Temperatures in the core are thought to be a little under 12,000 degrees, but the planet radiates out into space about two and a half times more energy than it receives from the Sun. The extra energy is thought to come from a process known as the Kelvin-Helmholtz mechanism. The mechanism is not unique to Saturn and is one that is thought to drive heat generation on gas giant planets and on brown dwarf stars. These are stars whose mass is insufficient for nuclear fusion to have started in their core. Instead, as the Kelvin-Helmholtz mechanism explains, the surface of a brown dwarf star or planet slowly cools after formation resulting in a gradual decrease in pressure, causing it to shrink. This compression then causes the core to heat up, generating extra energy. But in Saturn’s case the Kelvin-Helmholtz mechanism is insufficient to explain its energy output so there must be some other form of heat generation. One possibility is droplets of helium rain that fall in the lower levels of the atmosphere, and as they fall through denser layers they generate heat through friction. This theory also explains the lower than expected levels of helium in Saturn’s upper atmosphere.

The gravitational kick from Saturn means there is no need to fly through its rings in order to continue your journey deeper into the Solar System.
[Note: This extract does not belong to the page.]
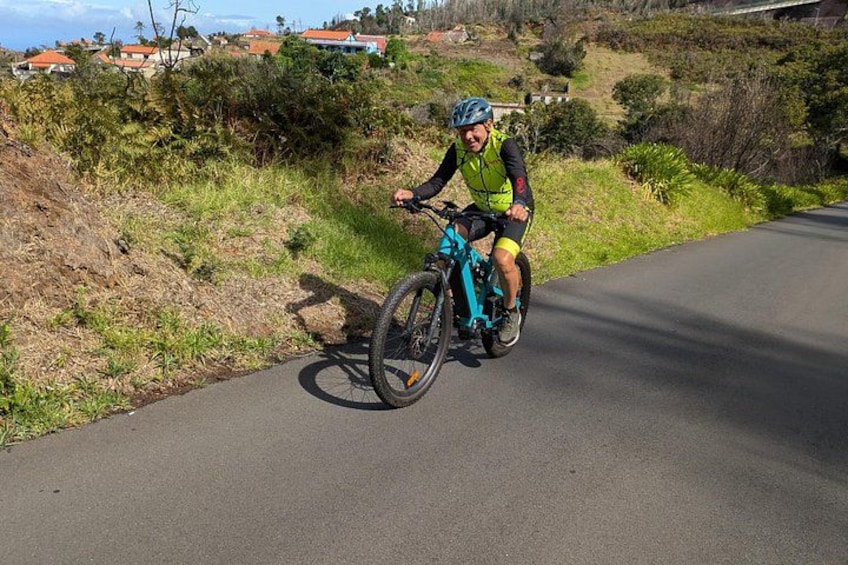 A person riding a blue bicycle on a paved road with greenery and houses in the background. 5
Instead, a glancing fly-by will alter your trajectory enough to send you on to the next planet of the mission, Uranus. But before you leave the Saturnian system behind there is one more thing to take a look at. One image taken by Cassini in 2013 captured a stunning solar eclipse, with Saturn blocking out the Sun. The light from the Sun illuminating Saturn from behind makes it look beautiful, while the silhouette of Saturn’s disc is surrounded by a rim of light being refracted through its upper atmosphere. The rings look absolutely breathtaking, taking on a whole new appearance in the shot. While the inner rings look fabulous, it is the faint outer E ring highlighted by light coming from the Sun that frames the entire planet like a halo. But what really makes it a special photograph is one tiny, rather insignificant speck of light piercing through just on the inside edge of the E ring. That speck of light is home, planet Earth. So, before you leave, you should certainly try to catch a glimpse of that sight for yourself.